**TASK INPUTS:**
· · · ·

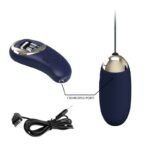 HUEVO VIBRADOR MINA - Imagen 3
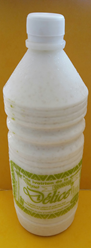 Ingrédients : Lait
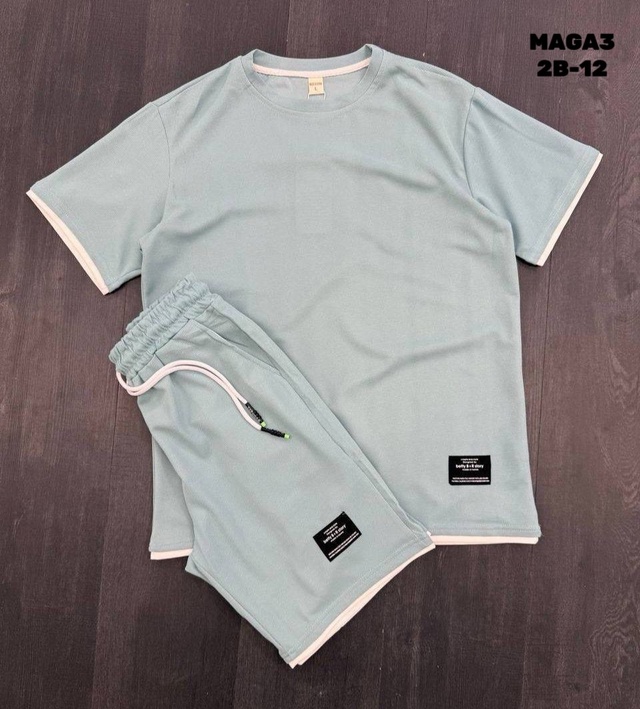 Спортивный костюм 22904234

· · · ·

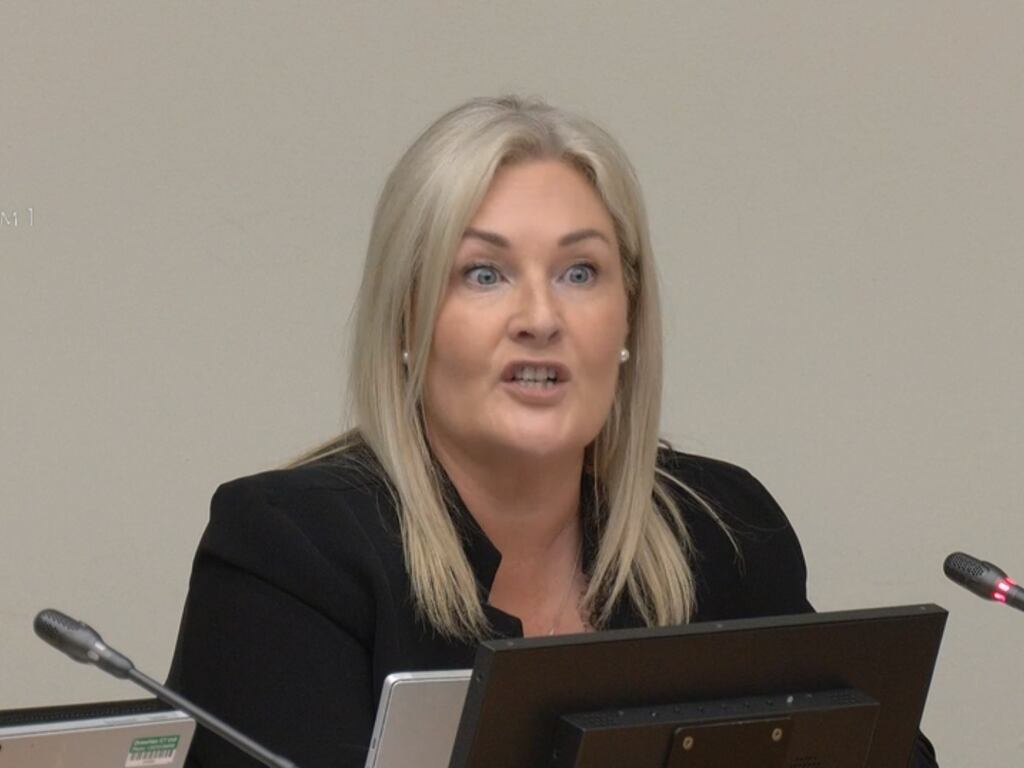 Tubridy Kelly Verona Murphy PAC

· · · ·

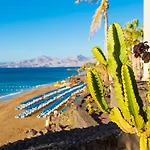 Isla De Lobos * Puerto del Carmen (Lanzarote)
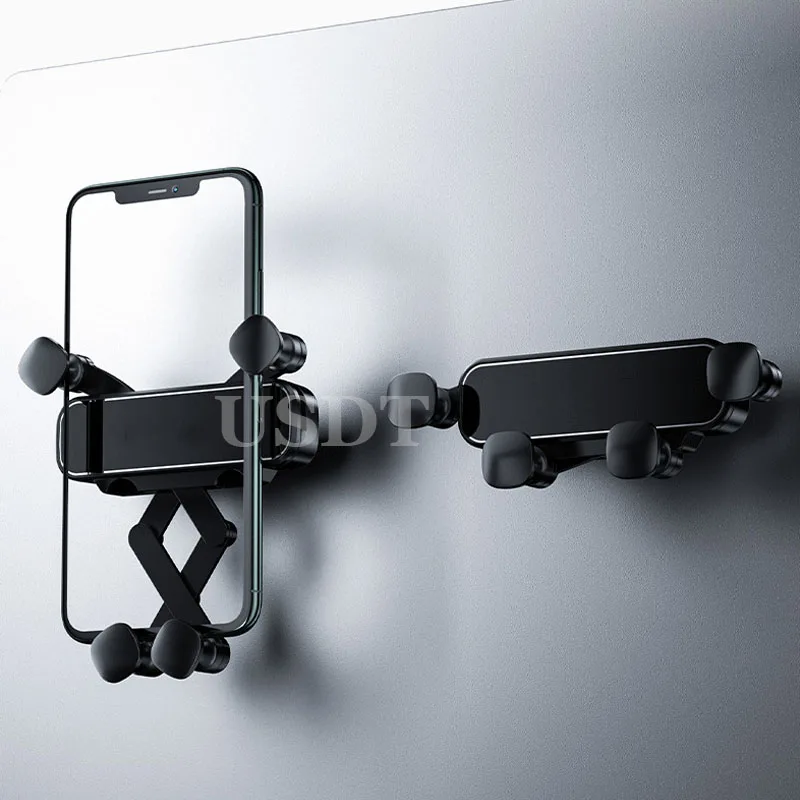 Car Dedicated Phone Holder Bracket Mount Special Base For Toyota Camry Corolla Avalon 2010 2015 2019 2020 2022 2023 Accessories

· · · ·

**TASK:**
Given the listing above, repeat exactly the lines starting at the one with "HUEVO VIBRADOR MINA - Imagen 3" and ending at the one with "Спортивный костюм 22904234", inclusive, excluding pictures.

**OUTPUT:**
 HUEVO VIBRADOR MINA - Imagen 3
 Ingrédients : Lait
 Спортивный костюм 22904234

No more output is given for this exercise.